For each line below, print it again exactly as shown.
---
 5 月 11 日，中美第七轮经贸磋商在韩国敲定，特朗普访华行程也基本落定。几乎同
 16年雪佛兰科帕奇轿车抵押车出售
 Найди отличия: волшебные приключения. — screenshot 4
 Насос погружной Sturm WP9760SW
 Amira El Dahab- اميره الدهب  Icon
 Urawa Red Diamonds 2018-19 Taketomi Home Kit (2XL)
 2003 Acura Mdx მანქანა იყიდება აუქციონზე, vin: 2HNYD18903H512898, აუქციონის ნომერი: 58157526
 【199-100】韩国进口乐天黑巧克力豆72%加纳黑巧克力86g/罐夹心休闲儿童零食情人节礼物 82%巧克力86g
---
» **ANSWER AREA**:
 5 月 11 日，中美第七轮经贸磋商在韩国敲定，特朗普访华行程也基本落定。几乎同
 16年雪佛兰科帕奇轿车抵押车出售
 Найди отличия: волшебные приключения. — screenshot 4
 Насос погружной Sturm WP9760SW
 Amira El Dahab- اميره الدهب  Icon
 Urawa Red Diamonds 2018-19 Taketomi Home Kit (2XL)
 2003 Acura Mdx მანქანა იყიდება აუქციონზე, vin: 2HNYD18903H512898, აუქციონის ნომერი: 58157526
 【199-100】韩国进口乐天黑巧克力豆72%加纳黑巧克力86g/罐夹心休闲儿童零食情人节礼物 82%巧克力86g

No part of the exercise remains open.